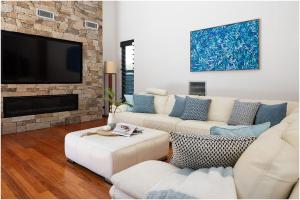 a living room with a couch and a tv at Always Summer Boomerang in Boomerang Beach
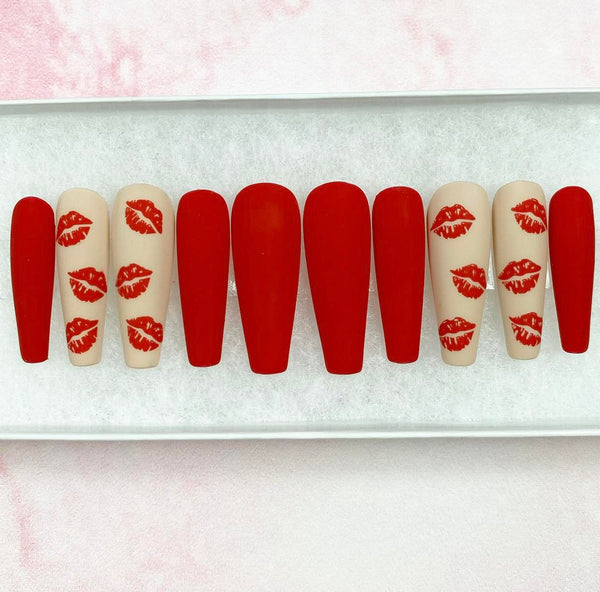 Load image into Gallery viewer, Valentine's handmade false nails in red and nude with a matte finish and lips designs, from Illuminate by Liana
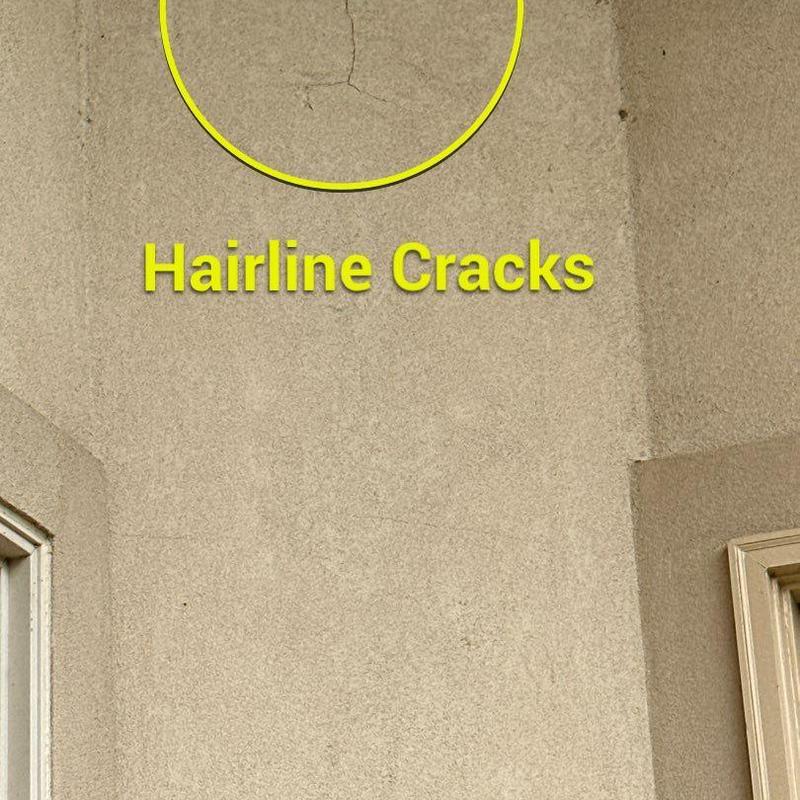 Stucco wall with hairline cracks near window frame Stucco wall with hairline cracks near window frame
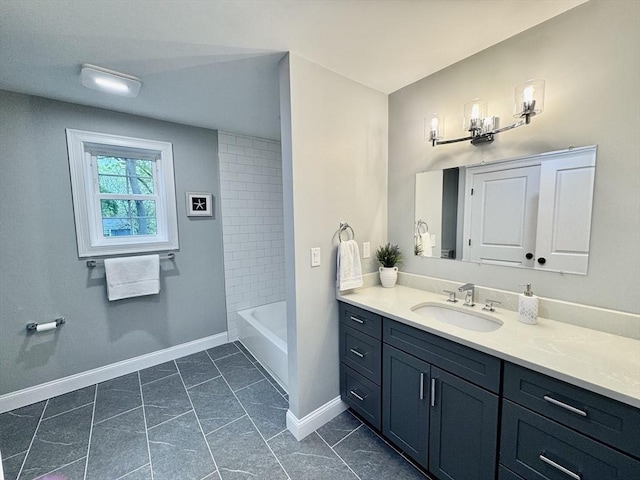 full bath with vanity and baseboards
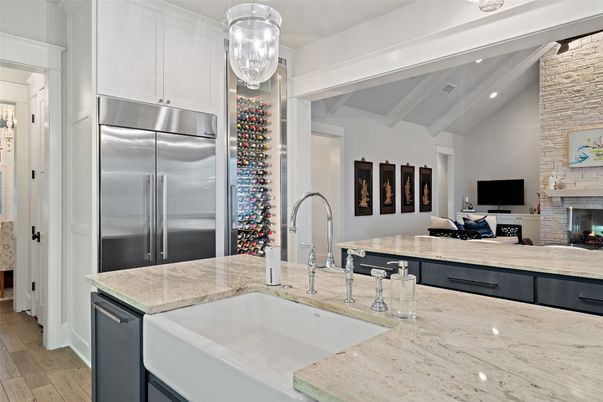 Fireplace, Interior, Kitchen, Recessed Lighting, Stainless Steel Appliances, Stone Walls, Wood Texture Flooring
# # # # # # #
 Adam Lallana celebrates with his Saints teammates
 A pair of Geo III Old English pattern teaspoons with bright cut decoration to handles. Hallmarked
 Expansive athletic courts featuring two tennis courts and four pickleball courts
# # # # # # #
- _WHAT YOU ARE ASKED TO DO_:
All that should appear in the answer is the lines above from the line with "full bath with vanity and baseboards" through the line with "Fireplace, Interior, Kitchen, Recessed", retyped exactly, pictures left out.

- _ANSWER SPACE_:
 full bath with vanity and baseboards
 Fireplace, Interior, Kitchen, Recessed Lighting, Stainless Steel Appliances, Stone Walls, Wood Texture Flooring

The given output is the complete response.